The eighties continue to thrive thanks the endless filmmakers wanting to revisit the decade, that likely contains so much variation in horror and culture, all of it to be experienced outside of the home, discovery was found by doing not asking Alexia or Siri. Hence we find the newest release from director Marc Meyers (My Friend Dahmer [2017]) and screenwriter Alan Trezza (Burying the Ex [2014]) distributed by Saban Films, in a movie that is clearly obvious what occurs thanks to both the trailer and numerous stills posted all over the net. Therefore, the review definitely contains spoilers, there’s absolutely no way to do it without them.
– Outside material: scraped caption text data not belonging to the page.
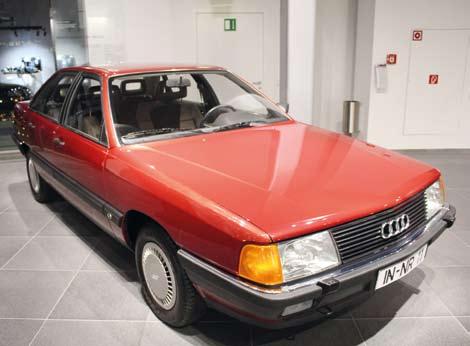 ⓬ Audi 100 (1983) Az Audi márka visszatérése Az első négyütemű modellt 1965-ben mutatták be, egy módosított DKW F 102-ben ➐, de új névvel: Audi.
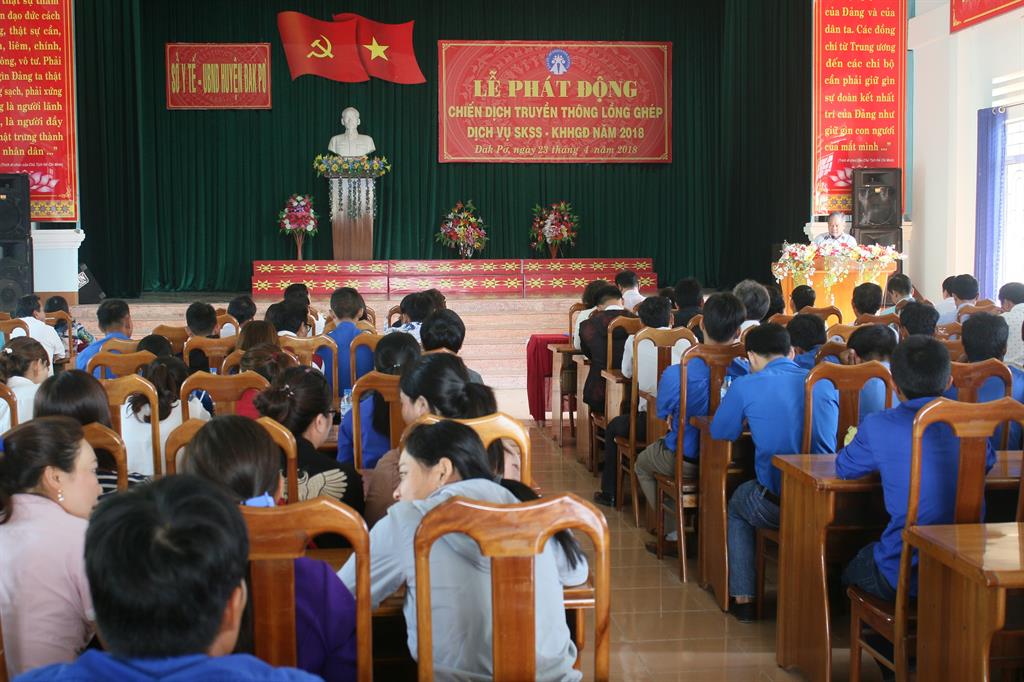 LỄ PHÁT ĐỘNG CHIẾN DỊCH TRUYỀN THÔNG LỒNG GHÉP DỊCH VỤ KỸ THUẬT KẾ HOẠCH HÓA GIA ĐÌNH NĂM 2018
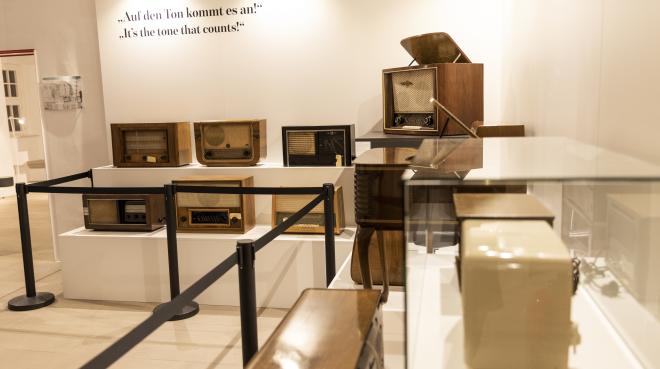 Jubiläumsausstellung „Design und Innovation – Made by Loewe“ in der Festung Rosenberg in Kronach, Foto: Loewe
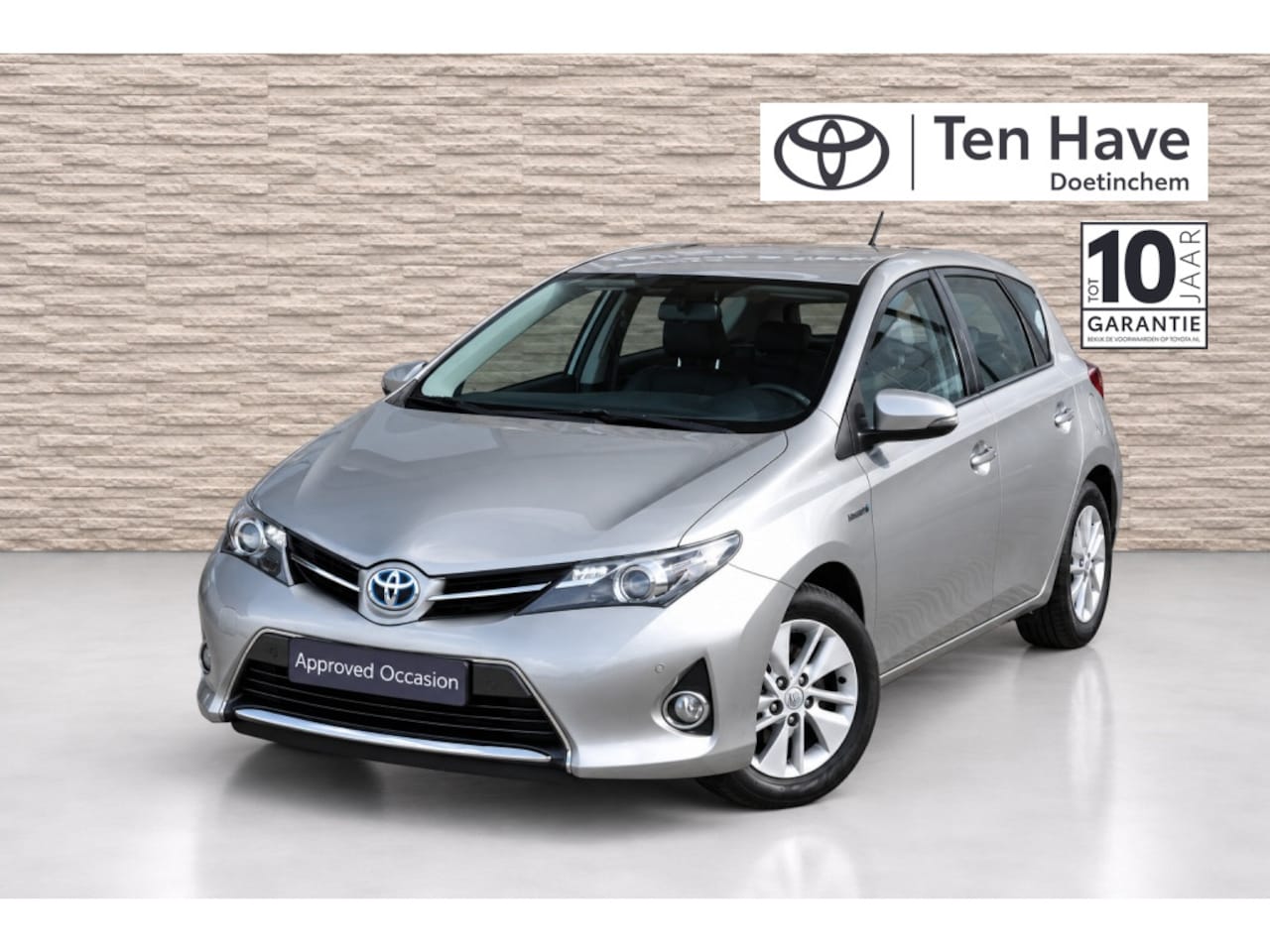 Toyota Auris - TOYOTA AURIS 1.8 Hybrid Aspiration Automaat | parkeerhulpcamera achter | elektrische ramen - AutoWereld.nl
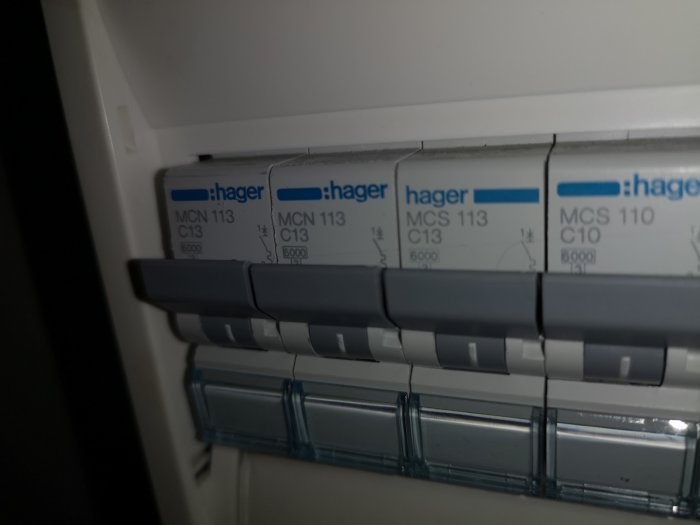 Säkringspanel med 13A säkringar märkta 'hager MCN 113 C13' och en 'hager MCS 110 C10'.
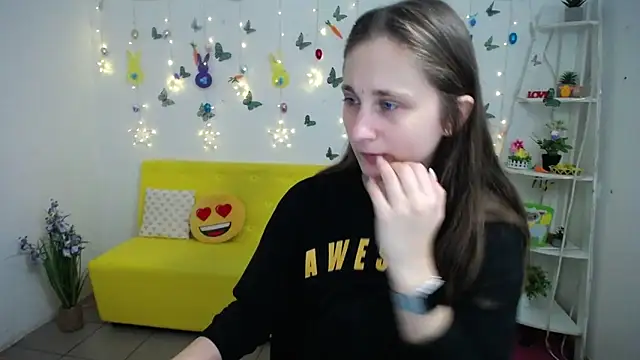 Snapshot of MichelLeee chatting on April 1, 2026, 11:11 am MichelLeee online show from April 1, 2026, 11:11 am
It’s 1988; A rash of ritualistic murders dominates the news as satanic panic stokes fear across the country, after all heavy metal is the tool to attract the teens according to all evangelicals along with a series of other influencers including alcohol, dancing and horror films, (insert laughter). In Indiana, three young women, fully decked in the typical metal fan gear, traveling a lonesome highway road, yeah it sounds cliché, but got to start somewhere. The ladies led by Alexis (Alexandra Daddario (Texas Chainsaw 3D [2013]) and her friends Val (Maddie Hasson) who seems suffer constant bladder problems and then there’s a more of reserved pal Bev (Amy Forsyth (Hell Fest [2018]) heading to a heaving metal concert for Soldiers of Satan which their venue appears to look more like a tiny shop in a strip mall area. On route they hear and see a news reports about satanic killing warnings of repenting from Pastor John Henry Butler (Johnny Knoxville), who appears more of a snake oil con man than one with the Lord. Along their journey they meet three fellow headbangers Kovacs (Logan Miller (Escape Room [2019])), Mark (Keean Johnson), and Ivan (Austin Swift), who had splattered the gals’ car with a chocolate milkshake for unknown reasons, they meet in part of the parking lot for this band. It’s obvious the heavy metal obsession plays into the movie, especially with the Dave Mustaine and Metallica controversary, while discussing legendary bassist Cliff’s skills. After a rather lame concert, Alexis takes the boys back to her parents’ home who are out for the night, and it begins about 15-minutes of drinking, endless chatter and playing the game ‘Never Have I’ setting the second act, which at this point I shall skip forward it just ruins too much for those haven’t seen the flick  yet. By the mid-second act some bloodshed starts, but the script squanders precious moments, especially when introducing new characters from a stepmother to a sheriff, but they seem more as spontaneous after thoughts merely dismissed as quickly as they glanced the screen. The end just speeds to strange a conclusion going a tad too far to make any sense the comedy works only so far before disastrous results.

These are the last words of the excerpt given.